Convert 3D cartesian coordinates (x, y, z) on the sphere to latitude-longitude. Returns a tuple (latitude, longitude) in degrees.

The equatorial plane falls at $z = 0$, latitude is the angle measured from the equatorial plane, and longitude is measured anti-clockwise (eastward) from $x$-axis ($y = 0$) about the $z$-axis.

Examples

Find latitude-longitude of the North Pole

julia> using CubedSphere

julia> x, y, z = (0, 0, 6.4e6); # cartesian coordinates of North Pole [in meters]

julia> cartesian_to_lat_lon(x, y, z)
(90.0, 0.0)

Let's confirm that for few points on the unit sphere we get the answers we expect.

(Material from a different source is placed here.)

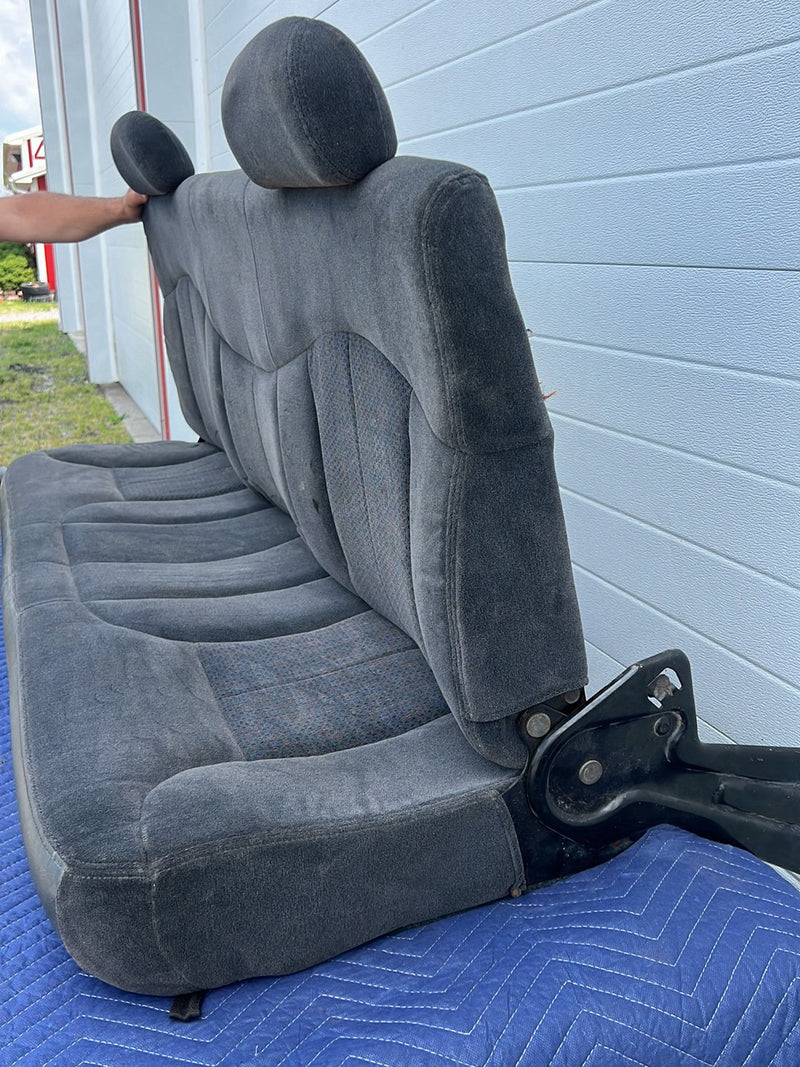 1999-2006 Chevrolet Silverado GMC Ext Cab Rear Bench Seat Gray Cloth OEM #5495EM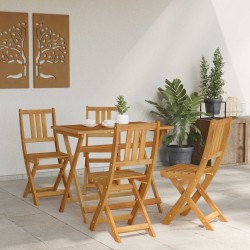 Chaises de bistrot d'extérieur 4 pcs Naturel 40 x 42 x 85 cm 644001644001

julia> cartesian_to_lat_lon(√2/4, -√2/4, √3/2)
(59.99999999999999, -45.0)

julia> cartesian_to_lat_lon(-√6/4, √2/4, -√2/2)
(-45.00000000000001, 150.0)

conformal_cubed_sphere_inverse_mapping(X, Y, Z; Z_map=Z_Rancic)

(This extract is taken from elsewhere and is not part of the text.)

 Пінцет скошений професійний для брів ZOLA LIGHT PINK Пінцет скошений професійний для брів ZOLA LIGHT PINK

Inverse mapping for conformal cube sphere for quadrant of North-pole face in which X and Y are both positive. All other mappings to other cube face coordinates can be recovered from rotations of this map. There a 3 other quadrants for the north-pole face and five other faces for a total of twenty-four quadrants. Because of symmetry only the reverse for a single quadrant is needed. Because of branch cuts and the complex transform the inverse mappings are multi-valued in general, using a single quadrant case allows a simple set of rules to be applied.

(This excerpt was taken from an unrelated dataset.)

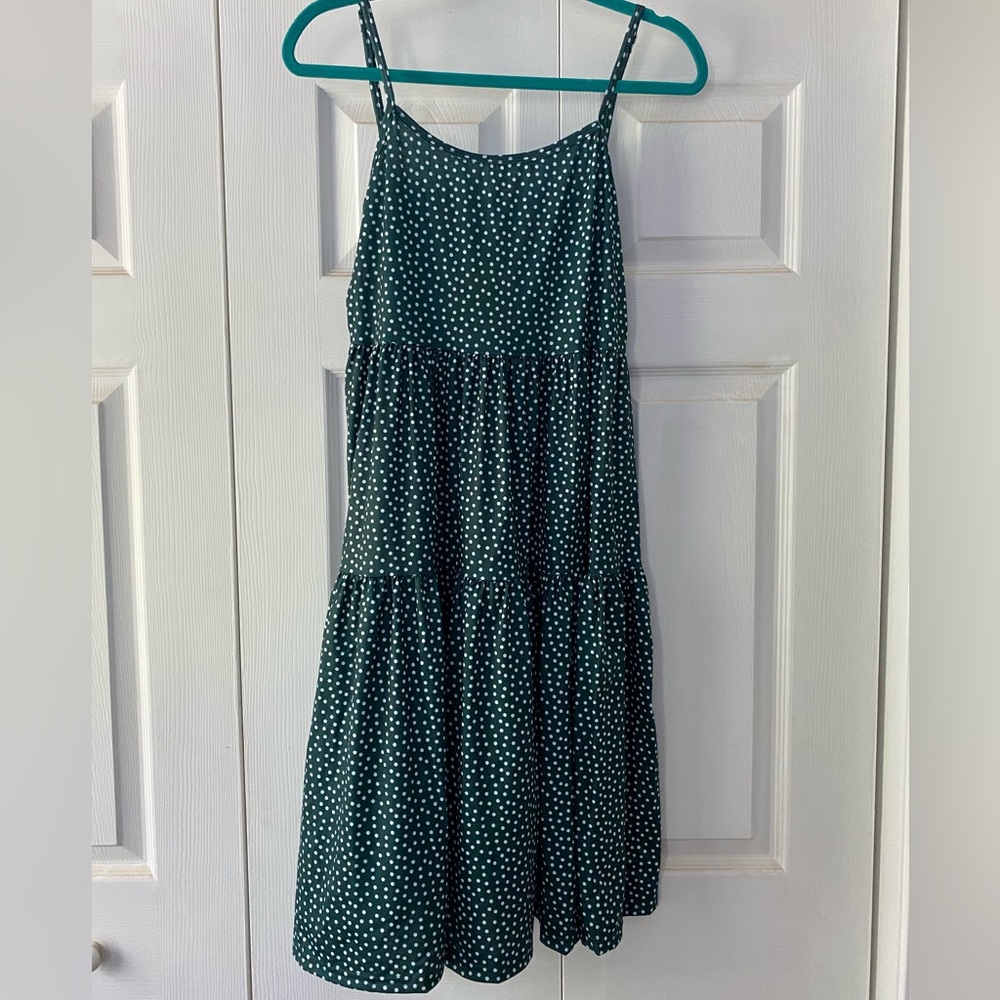 Maternity spaghetti strap sundress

The mapping is valid for the cube face quadrant defined by $0 < x < 1$ and $0 < y < 1$, where a full cube face has extent $-1 < x < 1$ and $-1 < y < 1$. The quadrant for the mapping is from a cube face that has "north-pole" at its center $(x=0, y=0)$. i.e., has X, Y, Z = (0, 0, 1) at its center. The valid ranges of X and Y for this mapping and convention are a quadrant defined be geodesics that connect the points A, B, C and D, on the shell of a sphere of radius $R$ with X, Y coordinates as follows

A = (0, 0)
B = (√2, 0)
C = (√3/3, √3/3)
D = (0, √2)

conformal_cubed_sphere_mapping(x, y; W_map=W_Rancic)

Conformal mapping from a face of a cube onto the equivalent sector of a sphere with unit radius.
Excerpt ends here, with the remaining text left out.